Israel’s defense minister suggested today that future coronavirus assistance for the Gaza Strip be contingent on recovering the remains of two Israeli soldiers who died in 2014.
Reuters quoted Bennett as telling reporters that while the world is now discussing Gaza’s humanitarian issues, “Israel also has humanitarian needs, which are mainly the recovery of the fallen.” He added, “It would not be right to disconnect these things.”
Israel accuses Hamas, which rules the Gaza Strip, of holding onto the remains of Oron Shaul and Hadar Goldin, both Israel Defense Forces soldiers killed in the 2014 war.
“I think that we need to enter a broad dialogue about Gaza’s and our humanitarian needs,” Bennett said.
Although Gaza’s borders are largely sealed to the outside world, the coronavirus was detected in Rafah on March 21. Movement in and out of the territory is heavily restricted due to an Israeli-Egyptian blockade imposed after the militant group Hamas took over the strip in 2007.
As of today, the Hamas-run Health Ministry in the Mediterranean enclave had confirmed 12 cases of the coronavirus, including two Gazans who had recently returned from Egypt and are now in quarantine.

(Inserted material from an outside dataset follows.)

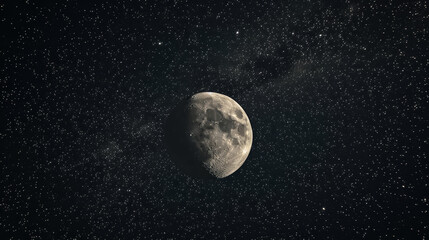 A large moon is in the middle of a dark sky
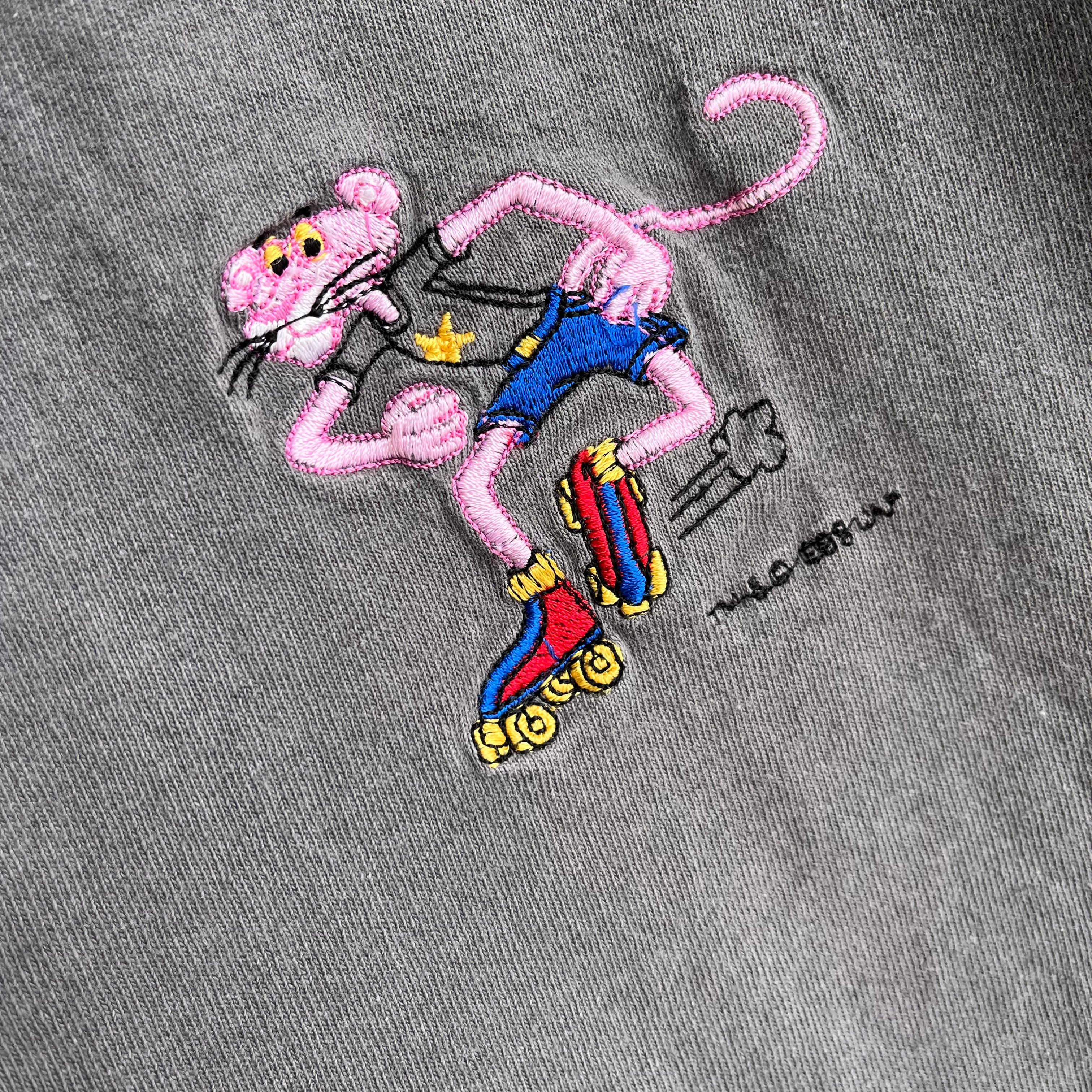 1998 Pink Panther in Jean Short and Roller Skates Oversized T-Shirt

Public health experts say the emergence of COVID-19 in the densely populated strip could be catastrophic. Military conflict with Israel, internal political instability and a 13-year blockade have left hospitals overburdened and understaffed. Refugees living in crowded camps in Gaza are especially vulnerable, where a lack of adequate sanitation and space could create the perfect breeding ground for an infectious disease.
According to Physicians for Human Rights-Israel, Gaza’s health care system is equipped with just 70 intensive care unit beds and faces a shortage of skilled staff, oxygen devices and protective equipment.

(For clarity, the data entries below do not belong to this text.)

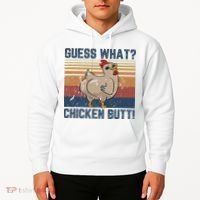 Funny Animal Guess What Chicken Butt Cute Chickens Buffs Hoodie thumb 2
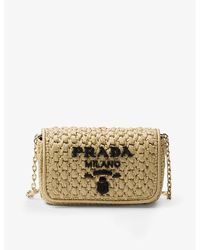 Prada - Embroidered-logo Crochet Shoulder Bag - Lyst
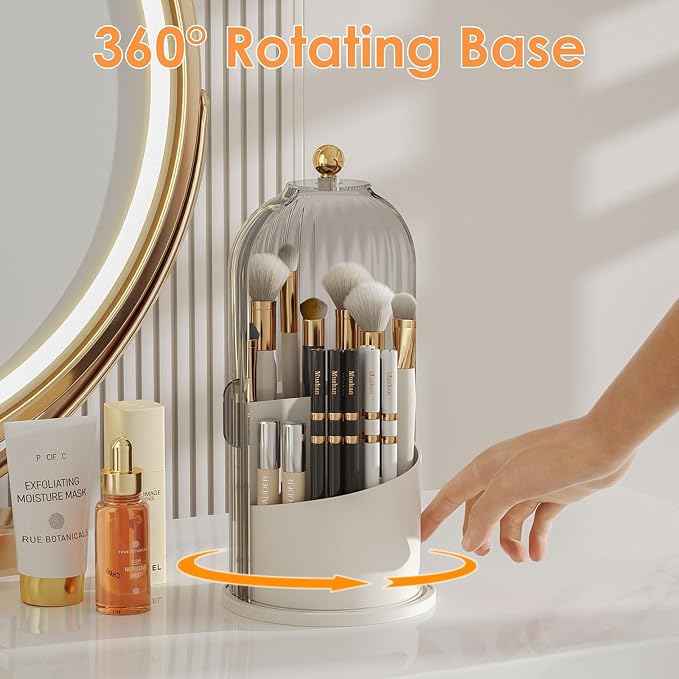 Makeup Brush Holder with Lid 360 Rotating Clear Dustproof Make Up Organizers - Image 3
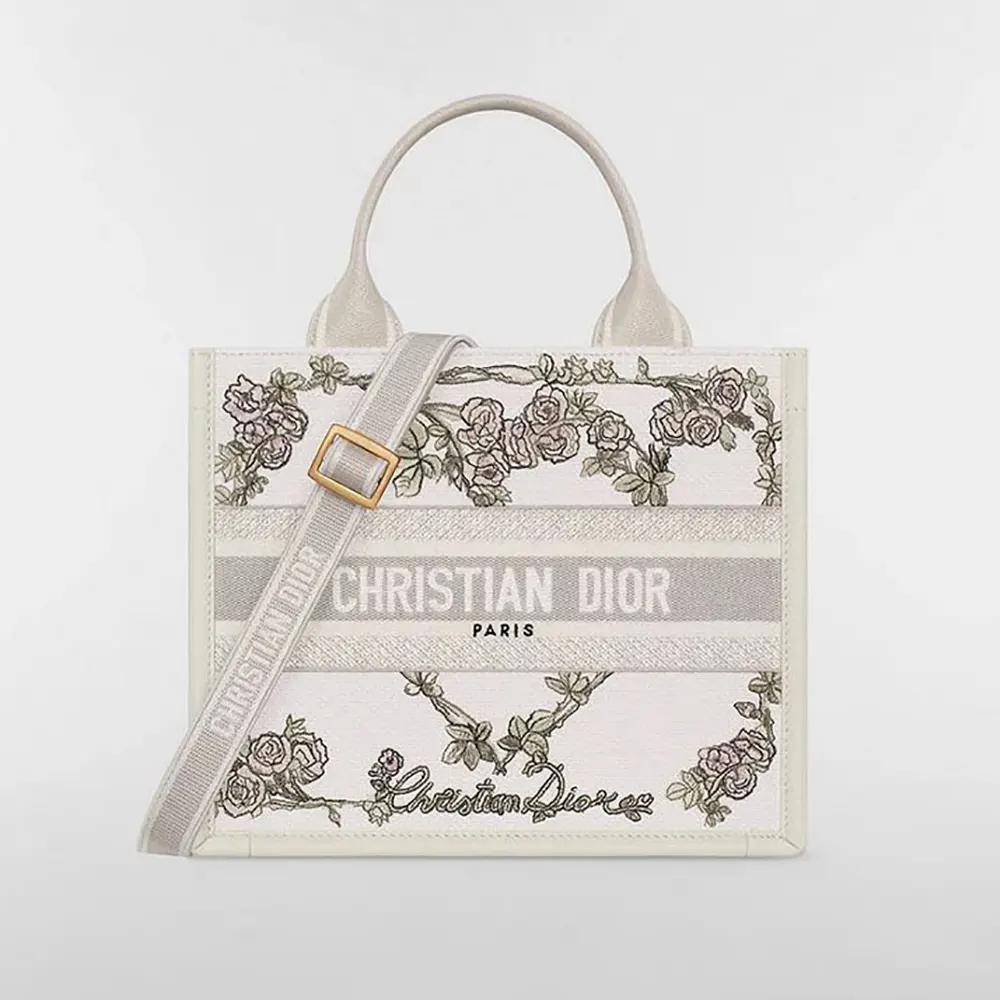 Front view of Dior Women Small Dior Book Tote embroidery and leather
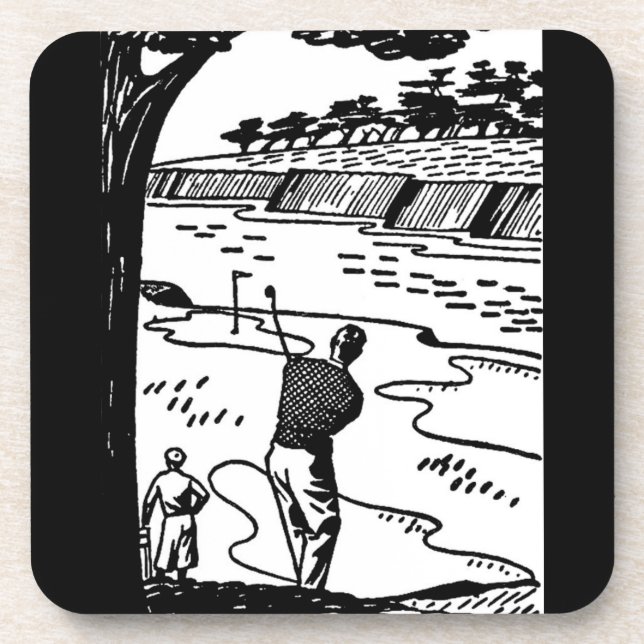 Retro Golfers Getränkeuntersetzer (Vorderseite)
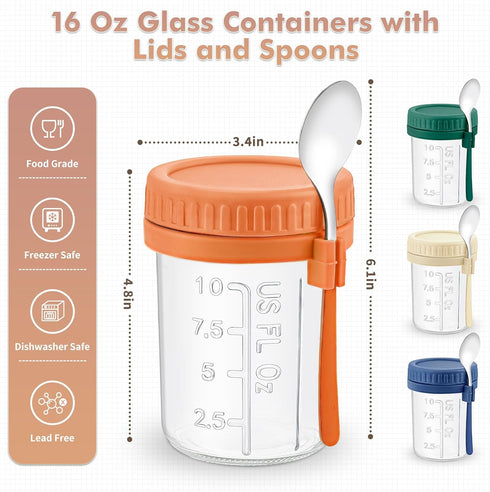 4 Pack 16 Oz DRKIO Glass Overnight Oats Containers with Lids and Spoons Mason Jars for Overnight Oats Jars Leak Proof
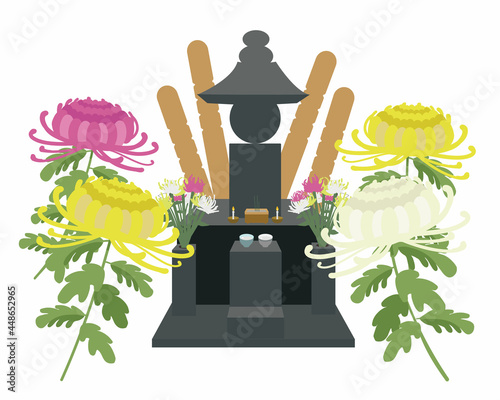 墓石　五輪塔　御影石　菊の花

In Israel, where the death toll from coronavirus has reached 25, Prime Minister Benjamin Netanyahu has rolled out new guidelines to slow the spread of the disease. In a televised address this evening, the Israeli leader said that all Israelis should be wearing masks out in public or an alternative face covering such as a scarf.
He also announced that families with children will receive a direct payment from the government of 500 Israeli shekels per child ($140). Travel to and from the ultra-Orthodox city of Bnei Brak, where the virus is spreading rapidly, will be limited.